Because 2/3 of the uninsured were below 2Xs FPL the core of the problem was how to cover the uninsured poor. Any way we cut this, the core of the solution has to involve Medicaid. And so it does. Again – no one should be surprised by this.
However, it is ironic that the administration used “the crisis of the uninsured” as political cover to create Obamacare, when the alternative of fixing the existing government program – i.e., Medicaid, without all the other Obamacare superstructure – could arguably have delivered equal or better coverage of the uninsured poor at less cost. But that alternative was never a meaningful part of the debate.
By the way, and based on the Kaiser figures if all the nonelderly below 2X’s the federal poverty level in 2005 had been enrolled in Medicaid, the proportion of uninsured Americans would have been less than 6% of the total population. I think it’s doubtful that a 6% uninsured rate would have been considered a “crisis”.
This information was obviously available when Obamacare was being designed; but it was, equally obviously, ignored. I would not call that ironic; it’s shameful.
John –
If we attacked the uninsured problem by simply expanding the income threshold for Medicaid eligibility to 200% of the FPL from a much lower level in most states, the key issue would, of course, be the cost of doing that and, secondarily, how that cost would be allocated between the federal and state governments.
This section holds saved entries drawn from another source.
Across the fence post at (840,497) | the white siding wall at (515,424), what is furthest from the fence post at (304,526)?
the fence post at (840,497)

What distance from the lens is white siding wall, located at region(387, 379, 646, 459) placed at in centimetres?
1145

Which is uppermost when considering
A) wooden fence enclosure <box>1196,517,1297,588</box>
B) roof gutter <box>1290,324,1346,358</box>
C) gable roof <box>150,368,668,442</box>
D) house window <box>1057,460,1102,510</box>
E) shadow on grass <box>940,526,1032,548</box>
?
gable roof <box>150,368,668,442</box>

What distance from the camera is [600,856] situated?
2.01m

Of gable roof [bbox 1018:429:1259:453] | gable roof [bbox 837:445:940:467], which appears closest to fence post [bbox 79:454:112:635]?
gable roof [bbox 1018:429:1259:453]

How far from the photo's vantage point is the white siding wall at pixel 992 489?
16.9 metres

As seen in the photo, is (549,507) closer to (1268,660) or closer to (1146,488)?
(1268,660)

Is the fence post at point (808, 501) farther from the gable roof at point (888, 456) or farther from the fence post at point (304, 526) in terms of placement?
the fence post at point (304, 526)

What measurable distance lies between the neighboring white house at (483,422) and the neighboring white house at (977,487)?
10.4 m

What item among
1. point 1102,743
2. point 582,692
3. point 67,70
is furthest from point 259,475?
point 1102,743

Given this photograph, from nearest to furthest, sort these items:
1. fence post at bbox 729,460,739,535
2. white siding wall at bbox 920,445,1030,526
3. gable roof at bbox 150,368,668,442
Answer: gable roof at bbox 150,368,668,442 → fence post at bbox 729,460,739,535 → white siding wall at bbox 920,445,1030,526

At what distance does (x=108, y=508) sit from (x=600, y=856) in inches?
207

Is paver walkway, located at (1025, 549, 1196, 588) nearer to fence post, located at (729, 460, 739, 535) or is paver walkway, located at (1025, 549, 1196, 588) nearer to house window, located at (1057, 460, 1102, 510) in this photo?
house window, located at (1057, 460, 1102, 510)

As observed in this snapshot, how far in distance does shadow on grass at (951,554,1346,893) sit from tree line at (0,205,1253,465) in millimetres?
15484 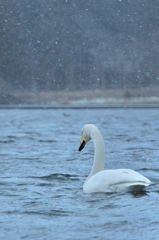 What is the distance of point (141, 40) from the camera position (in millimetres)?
148625

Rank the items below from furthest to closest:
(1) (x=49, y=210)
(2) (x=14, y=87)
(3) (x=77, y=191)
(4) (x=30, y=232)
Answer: (2) (x=14, y=87) < (3) (x=77, y=191) < (1) (x=49, y=210) < (4) (x=30, y=232)

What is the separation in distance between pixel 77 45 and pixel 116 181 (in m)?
143

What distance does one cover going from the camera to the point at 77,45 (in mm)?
153750

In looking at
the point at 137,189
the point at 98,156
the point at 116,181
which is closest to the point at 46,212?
the point at 116,181

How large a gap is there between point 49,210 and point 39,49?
14769 centimetres

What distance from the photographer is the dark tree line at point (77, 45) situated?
143750mm

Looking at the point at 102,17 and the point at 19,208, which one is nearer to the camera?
the point at 19,208

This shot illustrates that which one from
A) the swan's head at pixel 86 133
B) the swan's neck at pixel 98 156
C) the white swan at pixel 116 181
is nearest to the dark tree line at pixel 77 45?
the swan's head at pixel 86 133

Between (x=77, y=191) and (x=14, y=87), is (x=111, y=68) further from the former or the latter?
(x=77, y=191)

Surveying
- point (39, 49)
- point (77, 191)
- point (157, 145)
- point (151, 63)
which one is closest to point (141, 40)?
point (151, 63)

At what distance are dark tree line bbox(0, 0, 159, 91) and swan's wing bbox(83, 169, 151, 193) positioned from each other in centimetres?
12615

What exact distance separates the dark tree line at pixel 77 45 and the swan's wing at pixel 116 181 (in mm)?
126146

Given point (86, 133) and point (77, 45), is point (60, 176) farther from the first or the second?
point (77, 45)

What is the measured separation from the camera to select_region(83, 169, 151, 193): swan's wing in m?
11.0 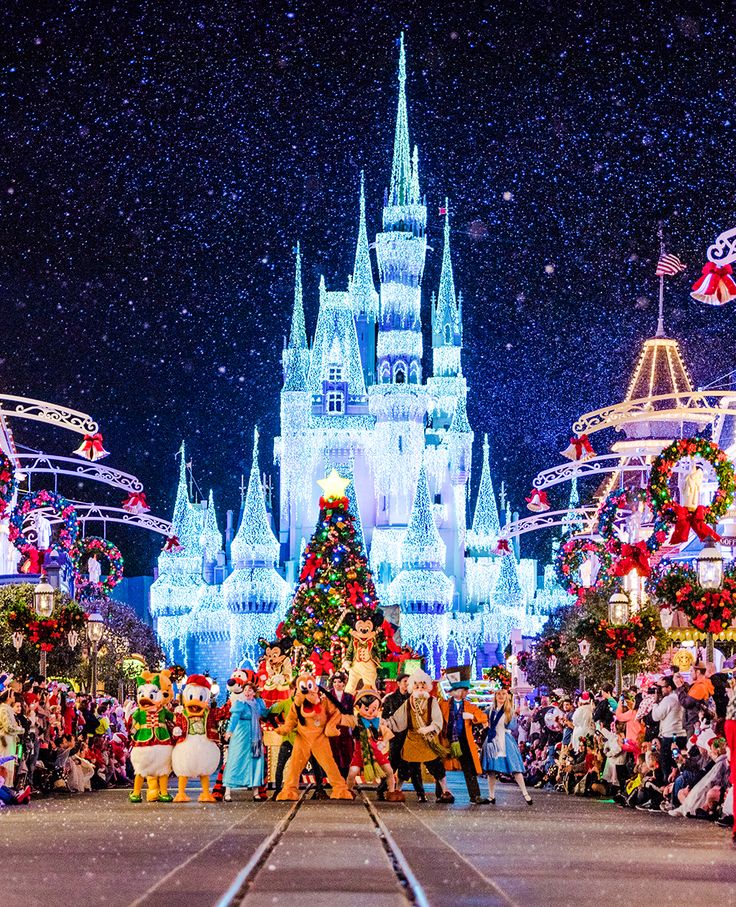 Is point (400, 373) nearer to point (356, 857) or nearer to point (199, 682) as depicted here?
point (199, 682)

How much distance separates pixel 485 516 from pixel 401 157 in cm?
2173

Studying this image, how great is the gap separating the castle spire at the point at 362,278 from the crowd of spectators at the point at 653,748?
75.4 meters

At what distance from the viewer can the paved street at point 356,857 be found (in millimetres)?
8367

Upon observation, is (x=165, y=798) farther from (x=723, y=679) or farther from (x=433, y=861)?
(x=433, y=861)

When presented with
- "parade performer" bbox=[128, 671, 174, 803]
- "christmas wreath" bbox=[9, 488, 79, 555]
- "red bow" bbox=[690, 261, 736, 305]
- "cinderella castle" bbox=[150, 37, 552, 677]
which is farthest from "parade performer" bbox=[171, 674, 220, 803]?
"cinderella castle" bbox=[150, 37, 552, 677]

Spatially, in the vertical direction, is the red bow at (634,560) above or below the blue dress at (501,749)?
above

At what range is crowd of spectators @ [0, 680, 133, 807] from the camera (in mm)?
17922

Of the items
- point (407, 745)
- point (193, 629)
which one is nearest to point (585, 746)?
point (407, 745)

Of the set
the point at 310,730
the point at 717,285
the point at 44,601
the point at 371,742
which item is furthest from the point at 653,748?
the point at 44,601

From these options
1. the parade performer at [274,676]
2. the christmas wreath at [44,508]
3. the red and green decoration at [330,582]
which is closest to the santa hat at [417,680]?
the parade performer at [274,676]

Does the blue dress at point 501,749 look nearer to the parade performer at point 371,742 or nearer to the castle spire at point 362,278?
the parade performer at point 371,742

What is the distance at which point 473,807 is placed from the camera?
1727 centimetres

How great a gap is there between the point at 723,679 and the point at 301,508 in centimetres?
7422

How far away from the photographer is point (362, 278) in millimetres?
99875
At today’s healthcare costs, I suspect that covering those additional low income uninsured people would cost about $4,000 per person per year. If 30 million of the 45-50 million previously uninsured before the ACA became newly eligible for Medicaid, it would cost about $120 billion per year to cover them (30 million x $4,000 each). Medicaid eligibility was only expanded to 138% of the FPL instead of 200% presumably because of cost considerations.
It would have been nice to avoid all the rest of the ACA superstructure by attacking the problem this way but the financing would have been a challenge to put it mildly especially with Republicans so vehemently opposed to tax increases. ACA subsidies, by contrast, are only running at about $2 billion per month. High income people are paying the new higher 0.9% payroll tax on incomes above $250K and the 3.8% surcharge on investment income if total income is above $250K as well (for joint filers). The tax on health insurance premiums and medical devices are a much easier sell politically and passed through to insurance premiums and the cost of medical devices in any case. Medicaid spending is also up significantly but not nearly as much as it would have been if eligibility were raised to 200% of the FPL.
Thank you for pointing out the split between state and federal financing. What single-payer advocates who point to Canada never seem to point out is that the federal government has a small role in financing the system and an even smaller role regulating it.
I should add that for the low income uninsured, Medicaid is a heck of a lot better than no insurance at all especially if they need hospital based care. For the hospitals, which claim that Medicaid only pays them 70% of their costs on average, being paid 70% of costs is also a lot better than nothing (uncompensated care). Significantly reducing uncompensated care should also reduce the amount of cost shifting hospitals have to do to, in effect, collect Medicaid’s underpayments from the commercially insured non-Medicare population.
In some cases Medicaid is better but in many (perhaps most) there is no effective difference (see http://healthblog.ncpathinktank.org/mars-and-venus-on-medicaid/).
As for cost shifting, I’ve never really bought that argument: We should assume hospitals segment their markets and seek to maximize profits in each segment, like any other business.
(In a previous generation, when these hospitals were founded by religiously motivated people, they thought the purpose of the hospital was to serve society, not that the purpose of society was to serve the hospital. But that was a long time ago.)
Most non-profit hospital CEO’s will tell you “No margin, no mission.” If Medicaid only pays them 70% of their costs and Medicare pays around 90% of costs and there is uncompensated care in the mix as well, the only way to fully cover expenses is to charge private insurers well above costs.
I know they tell us that. Do the people who run the soup kitchens and homeless shelters tell us that?
But in any case most of the reduction in uninsured must come from coverage of the poor, and that necessarily means increased Medicaid enrollment. No one should be surprised by that.
ACA forces the general public to pay excessive premiums to help finance the increased Medicaid enrollment – and avoids calling the excess premiums a “tax”. I think what I suggest would Finance the new Medicaid enrollment with higher taxation, and call it higher taxation.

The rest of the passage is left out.